Design and construction
- Architect: László Székely [ro]

= Palace of the Chamber of Commerce and Industry =

The Palace of the Chamber of Commerce and Industry (Palatul Camerei de Comerț și Industrie) is a five-story historical monument building in Victory Square in Timișoara, Romania.
== History ==
The Timișoara Chamber of Commerce was established in 1850 by decree of Emperor Franz Joseph I. The first president of the institution was the businessman Ludwig von Bersuder. Initially, the Chamber of Commerce was based in the Lloyd Palace until it received its own building. It operated until 1949, when it was suspended by the communist government. In 1990, it was the first regional Chamber of Commerce to resume its activities after the Romanian Revolution of 1989.

For the design of the Chamber's future headquarters, an architectural competition was organized in 1913. The beneficiary's requirements were, among other things, the inclusion of a bank headquarters in the building, floors equipped with apartments for rent, commercial spaces on the ground floor and a brewery in the basement of the building. Among the 106 proposals received, the project of the architects Ármin Leimdörfer and Emil Rácz was declared the winner, rewarded with 3,000 crowns. But the outbreak of the First World War put on hold the construction plans of the edifice designed by Leimdörfer and Rácz, an edifice that was never completed.

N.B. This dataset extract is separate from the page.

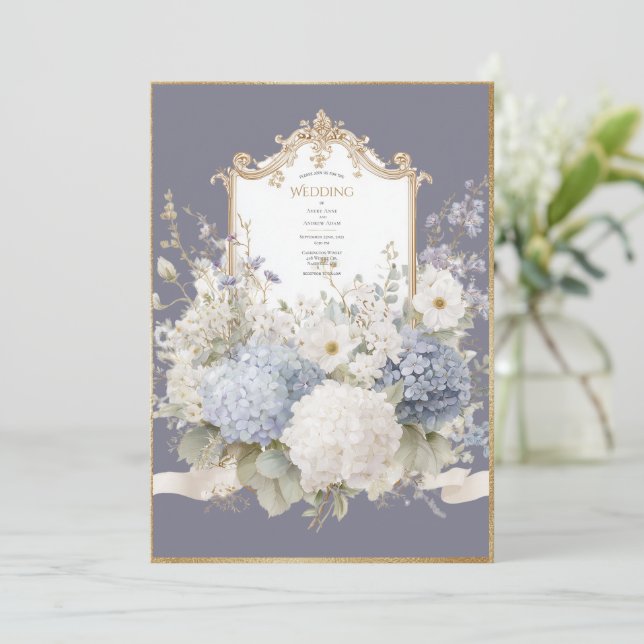 Invitation Hydrangeas Bleus Élégants Mariage Vintage Pourpre (Debout devant)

At the beginning of November 1923, a temporary pavilion was built on the site of the future palace, on the occasion of the visit of King Ferdinand I. A month later, the Timișoara Chamber of Commerce submitted an application for obtaining an authorization to build the headquarters. The local council approved the request, with the obligation to erect a building as tall as the Löffler Palace and to harmonize stylistically with the rest of the buildings in Victory Square. Like the other palaces lining the square, the project belonged to the architect László Székely. The building is one of the newest in the square, having been completed in 1925.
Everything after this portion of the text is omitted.